Diseases associated with the TLR signaling cascade

Toll like receptors (TLRs) are sensors of the innate immune system that detect danger signals derived from pathogens (pathogen-associated molecular patterns - PAMP) or damaged cells (damage-associated molecular patterns - DAMP) (Pasare C and Medzhitov R 2005; Barton GM and Kagan JC 2009; Kawai T and Akira S 2010). Signaling by these sensors promotes the activation and nuclear translocation of transcription factors (IRFs, NFkB and AP1). The transcription factors induce secretion of inflammatory cytokines such as IL-6, TNF and pro-IL1beta that direct the adaptive immune response. Inherited or acquired abnormalities in TLR-mediated processes may lead to increased susceptibility to infection, excessive inflammation, autoimmunity and malignancy (Picard C et al. 2010; Netea MG et al. 2012; Varettoni M et al. 2013). Here we describe four primary immunodeficiency (PID) disorders associated with defective TLR-mediated responses. First, MyD88 or IRAK4 deficiency is characterized with a greater susceptibility to pyogenic bacteria in affected patients (Picard C et al. 2003; von Bernuth H et al. 2008). Second, defects in the TLR3 signaling pathway are associated with a greater susceptibility to herpes simplex virus encephalitis (Zhang SY et al. 2013). Third, imunodeficiencies due to defects in NFkB signaling components are linked to impaired TLR-mediated responses (Courtois G et al. 2003; Fusco F et al. 2004). Finally, events are annotated showing constitutive activation of a somatically mutated MyD88 gene which results in malignancy (Varettoni M et al. 2013).

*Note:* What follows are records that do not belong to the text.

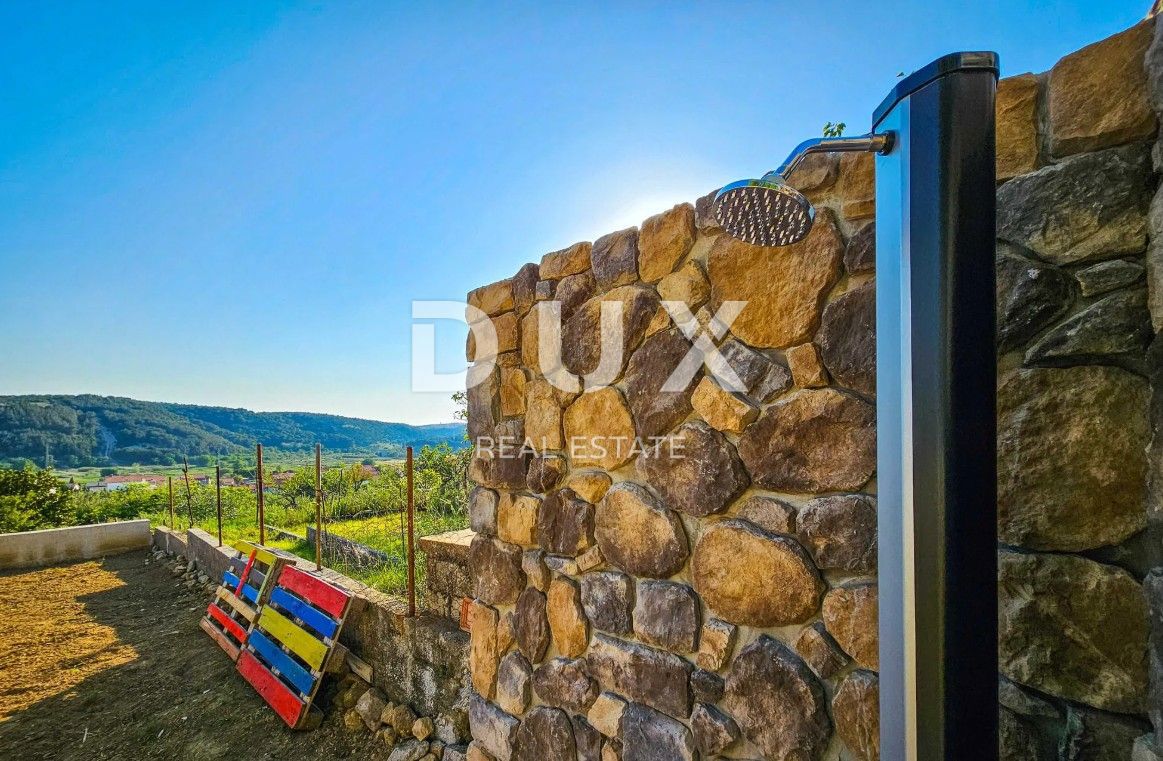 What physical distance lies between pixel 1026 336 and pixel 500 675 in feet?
5.64

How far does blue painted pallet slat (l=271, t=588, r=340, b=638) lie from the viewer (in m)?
2.99

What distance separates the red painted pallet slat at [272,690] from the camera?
277cm

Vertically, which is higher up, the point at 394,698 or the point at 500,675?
the point at 500,675

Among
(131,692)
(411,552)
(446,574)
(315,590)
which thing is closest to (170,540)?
(131,692)

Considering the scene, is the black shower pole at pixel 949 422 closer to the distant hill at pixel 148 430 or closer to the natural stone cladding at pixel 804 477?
the natural stone cladding at pixel 804 477

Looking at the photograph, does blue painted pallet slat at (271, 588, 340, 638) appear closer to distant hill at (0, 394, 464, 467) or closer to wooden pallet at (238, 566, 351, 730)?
wooden pallet at (238, 566, 351, 730)

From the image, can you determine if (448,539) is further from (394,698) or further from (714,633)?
(714,633)

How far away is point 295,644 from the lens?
3.14 meters

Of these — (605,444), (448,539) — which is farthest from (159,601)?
(605,444)

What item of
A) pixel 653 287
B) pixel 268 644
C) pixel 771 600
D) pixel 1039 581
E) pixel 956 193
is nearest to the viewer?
pixel 956 193

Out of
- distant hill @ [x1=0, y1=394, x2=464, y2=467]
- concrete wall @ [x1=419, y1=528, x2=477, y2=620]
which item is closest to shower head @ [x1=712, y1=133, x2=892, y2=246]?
concrete wall @ [x1=419, y1=528, x2=477, y2=620]

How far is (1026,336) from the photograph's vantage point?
0.78 meters

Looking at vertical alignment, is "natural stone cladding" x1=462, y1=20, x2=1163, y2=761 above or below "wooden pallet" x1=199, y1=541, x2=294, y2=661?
above

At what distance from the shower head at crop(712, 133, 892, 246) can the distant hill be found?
1662 centimetres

Toll 样受体（TLRs）是先天免疫系统的感应器，能够探测源自病原体（病原体相关分子模式 - PAMP）或受损细胞（损伤相关分子模式 - DAMP）的危险信号（Pasare C 和 Medzhitov R，2005；Barton GM 和 Kagan JC，2009；Kawai T 和 Akira S，2010）。这些传感器的信号传导促进了转录因子（IRFs、NFkB 和 AP1）的激活和核转位。转录因子诱导分泌炎症细胞因子，如 IL-6、TNF 和前 IL1beta，这些因子指导适应性免疫反应。TLR 介导过程中遗传性或获得性的异常可能导致感染易感性增加、炎症过度、自身免疫和恶性肿瘤（Picard C 等，2010；Netea MG 等，2012；Varettoni M 等，2013）。在此，我们描述了四种与缺陷的 TLR 介导反应相关的原发性免疫缺陷（PID）疾病。首先，MyD88 或 IRAK4 缺陷的特征是受影响患者对化脓性细菌的易感性增加（Picard C 等，2003；von Bernuth H 等，2008）。其次，TLR3 信号通路缺陷与单纯疱疹病毒脑炎的易感性增加相关（Zhang SY 等，2013）。第三，由于 NFkB 信号传导组件缺陷导致的免疫缺陷与受损的 TLR 介导反应相关（Courtois G 等，2003；Fusco F 等，2004）。最后，标注了体细胞突变 MyD88 基因的持续激活事件，这导致恶性肿瘤（Varettoni M 等，2013）。